In a bid to investigate the issue further, I did a thorough review of the Google Play Store to see what other users have experienced with this particular problem. It appears that many of the complaints align with the issues I encountered

User Interviews

To gain a deeper understanding of users’ perspectives and concerns regarding subscribing to notifications on Twitter, I conducted interviews with eight avid Twitter users. Through these interviews, I was able to learn more about their thoughts on being notified about tweets, as well as any frustrations they may have encountered.

20% of the users prefer to miss out on some information than be disturbed by countless notifications for trivial discussions

Few of them tried to solve the problem by disabling push notifications but still have to deal with it on the app in the notifications tab

Some of the users only use the notifications feature to set apart tweets they will focus on once they are inside the app

A look at other social media platforms

To gain a better understanding of the social media market, I conducted an analysis of direct competitors to identify their strengths and weaknesses, as well as potential opportunities to capitalize on. By doing so, I was able to gain valuable insights into the competitive landscape and better inform my strategic decisions.

Who is/are representing the target users?

With a clear understanding of our users’ needs and goals, I crafted a persona that reflects the characteristics and preferences of a larger population of users. I was able to better understand the needs and desires of our target audience and ensure that my design decisions would meet their needs.

Visualizing the ideal process

The user research and persona creation identified the user’s main needs, goals, and behaviours. To help solve these problems, I began brainstorming for ideas. Since the application already had an established user flow and task flow, I used the existing framework to sketch out new task flows and a user journey map. This made it easier to recognize the user’s needs and emotions, making them more digestible.

Design Solutions

Set the categories of content you are most likely to tweet or retweet about

Customize the notifications you receive based on the categories set by the account owner.

Easily tap on the category a tweet or retweet falls in before sending out.

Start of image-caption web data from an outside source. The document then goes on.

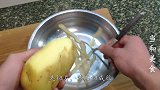 家常炝拌土豆丝的做法，随手一做，鲜香可口，下酒又下饭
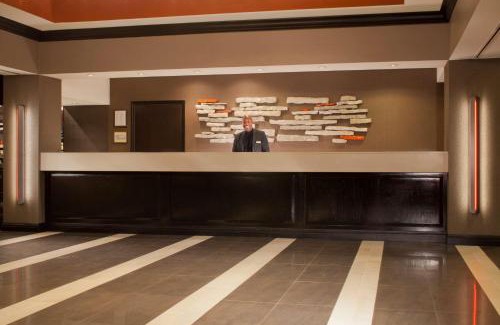 Gateway Hotel | Embassy Suites by Hilton Austin Arboretum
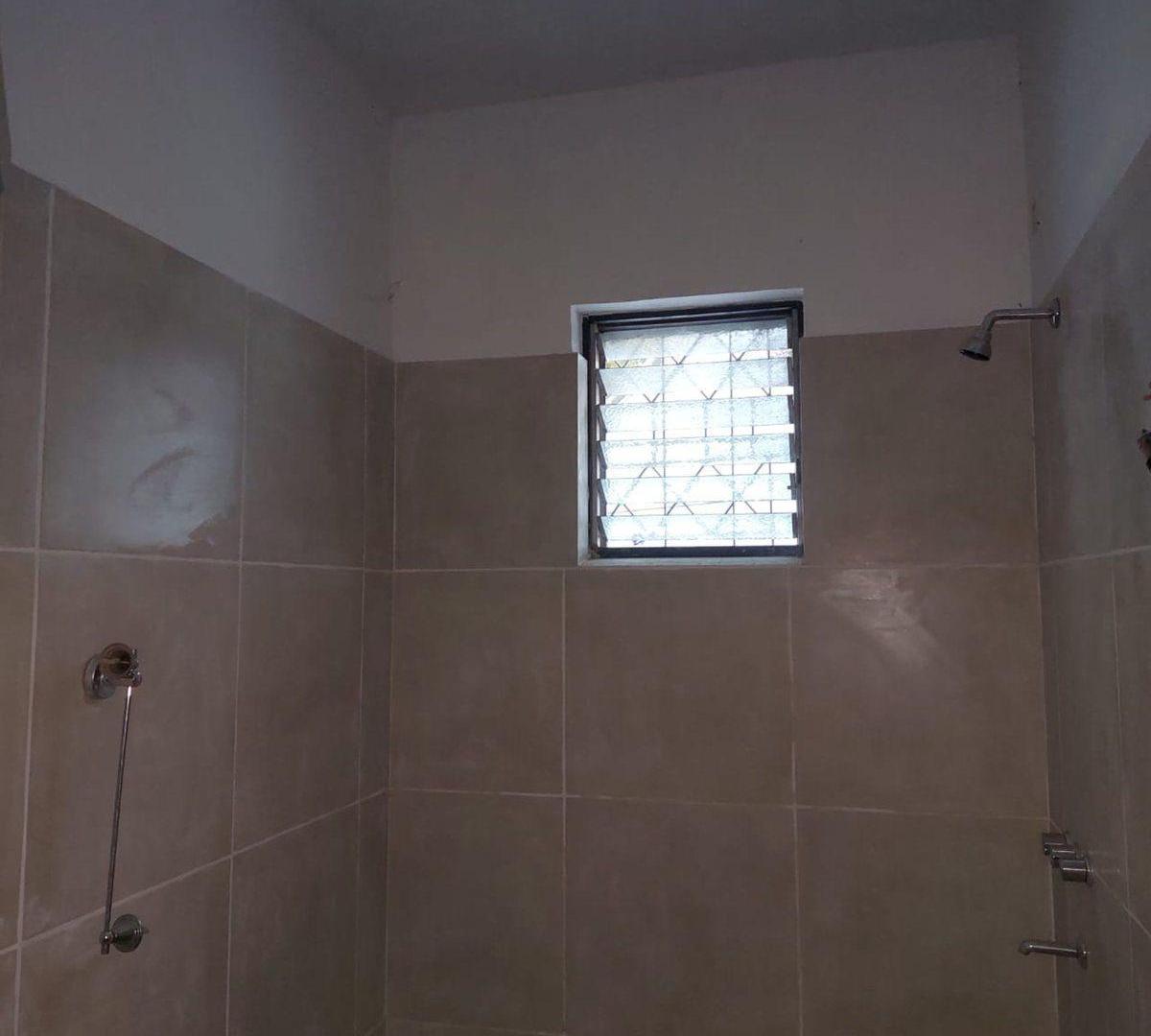 Foto de VENTA 2 CASAS INDEPENDIENTES MISMO LOTE V.A. SI., imagen 4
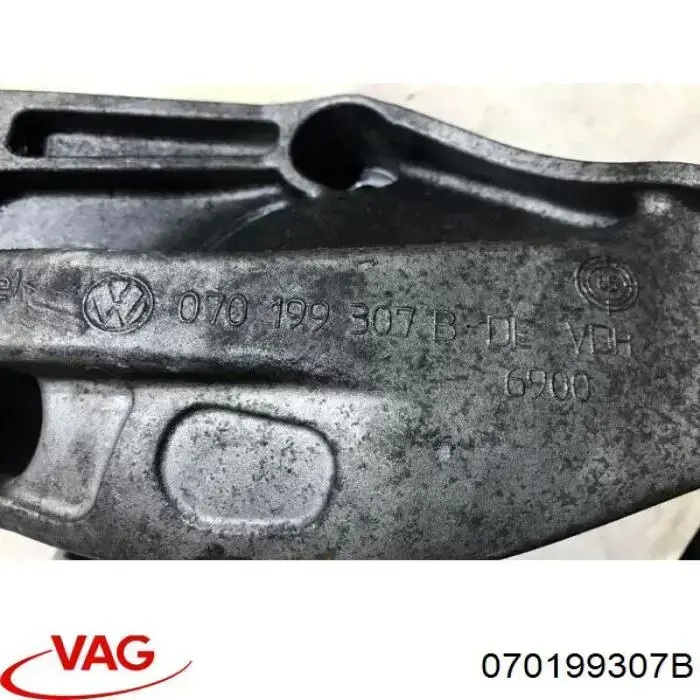 Купити 070199307B VAG Кронштейн подушки (опори) двигуна, лівої
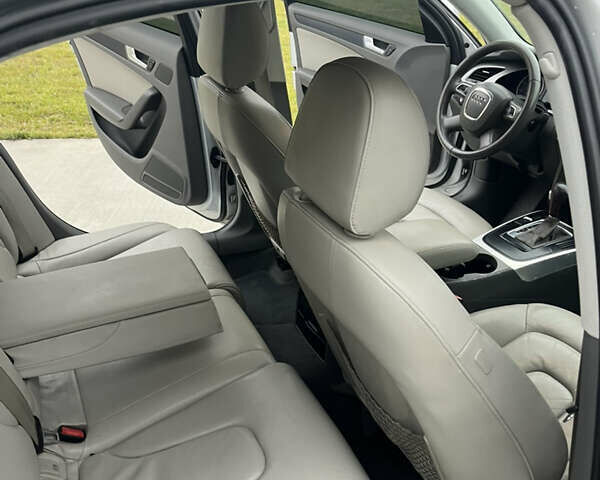 Сірий Ауді А4, об'ємом двигуна 1.98 л та пробігом 230 тис. км за 7200 $, фото 13 на Automoto.ua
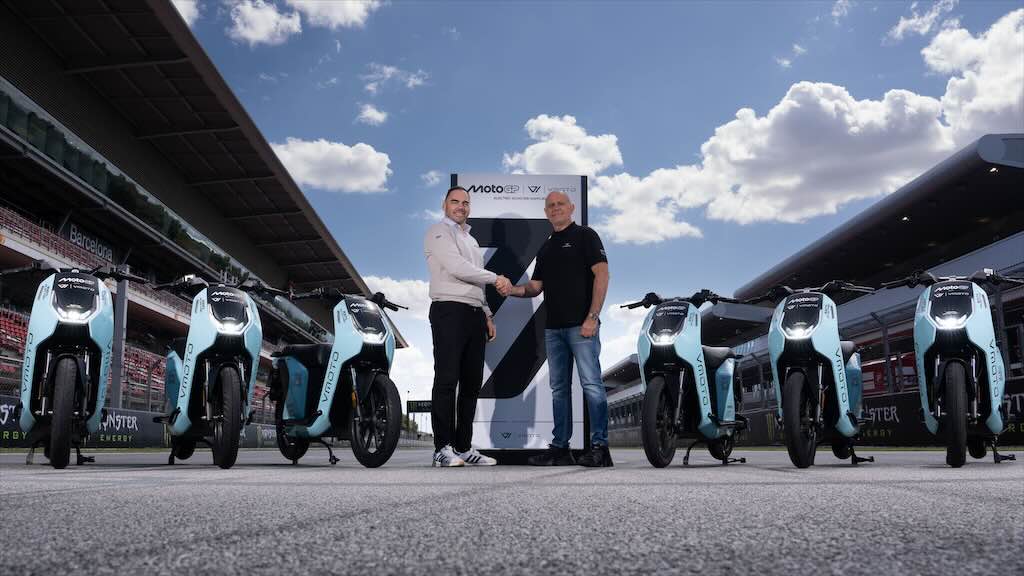 Vmoto Rilis Tiga Skuter Listrik Edisi Khusus Hasil Kolaborasi dengan MotoGP, Bawa DNA Sirkuit ke Jalanan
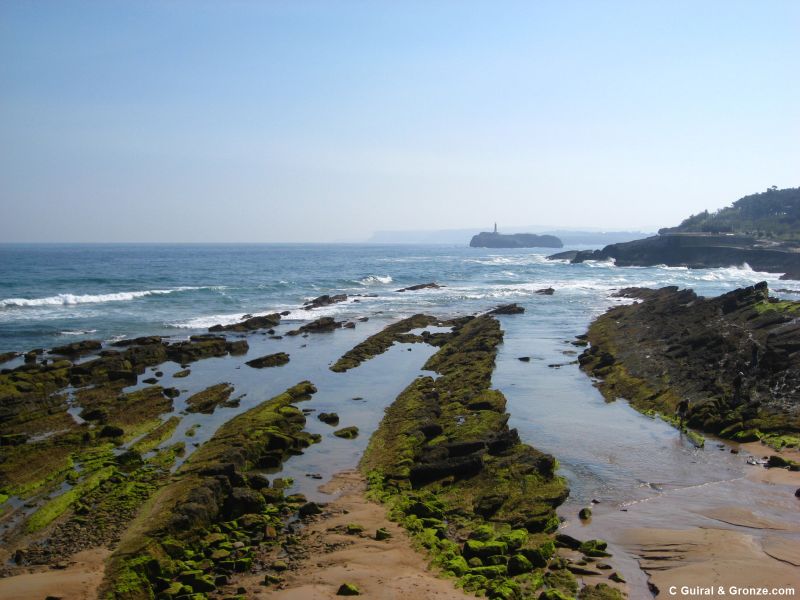 Rocas en la costa de la península de La Magdalena, Santander Rocas en la costa de la península de La Magdalena, Santander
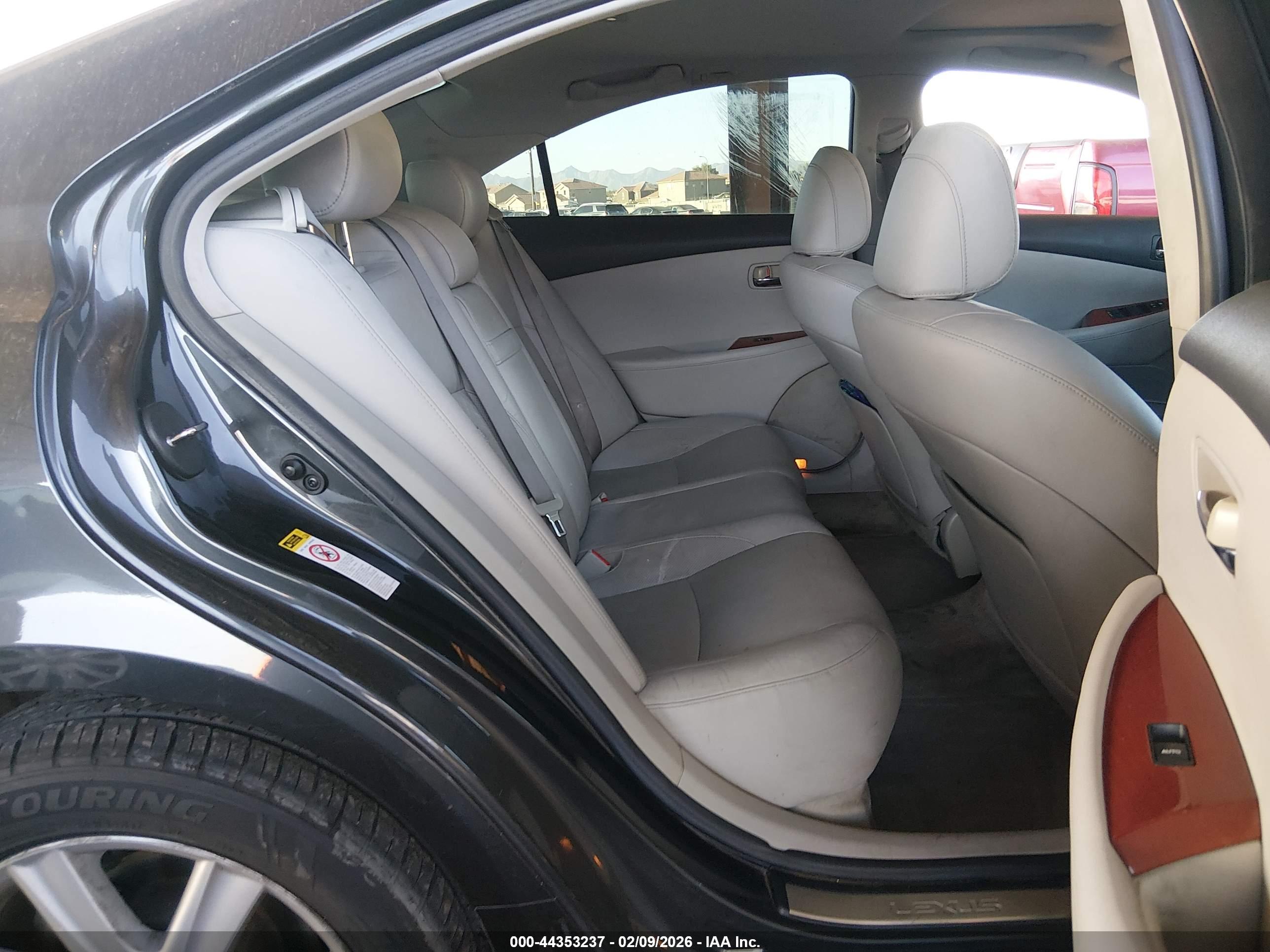 LEXUS ES image 8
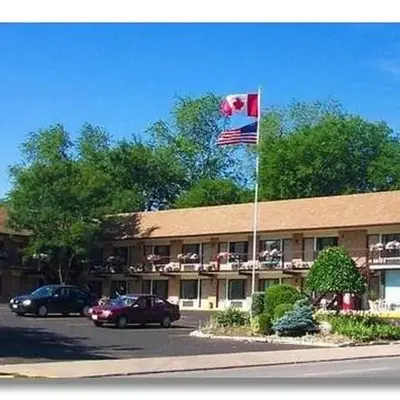 6032 Persepolis Inn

Single tap to retweet a post with the category it falls under chosen

Explore each category of tweets on a user’s profile without interruption from unrelated contents

Explore each category of tweets on a user’s profile without interruption from unrelated contents

Testing, testing, testing microphone

Carrying out unmoderated remote usability testing with Maze and onsite testing with eight Twitter users, I sought to gain feedback by assessing user satisfaction for the new feature, as well as identifying any usability and accessibility issues. For this purpose, six tasks were assigned to the participants, which covered the feature’s functionality and purpose.

Implementing feedback to achieve improvement.

It was an enjoyable experience working on the project – began as my issue, but soon realised others were encountering the same difficulty. Invigorated to solve the problem, I dedicated lots of attention to the application, attempting to comprehend the operation of each feature.

My Takeaways
  • It was an enjoyable experience working on the project – began as my issue, but soon realised others were encountering the same difficulty. Invigorated to solve the problem, I dedicated lots of attention to the application, attempting to comprehend the operation of each feature.
  • My alignment and spacing were improved significantly by designing directly from the screenshots of the app, ensuring that the design matched the look and feel of the real app.
Moving forward

I believe that conducting further research and testing with people from diverse backgrounds and cultures is essential for the successful development of this global product. Doing so will provide insight into how the feature can improve user satisfaction in different regions and how the experience can be improved.

The addition of this feature has a high chance of reducing user frustrations, increasing user engagement, fostering a platform that is both diverse and inclusive, and encouraging more people to use the app to curate meaningful information or do business, consequently increasing the company’s revenue.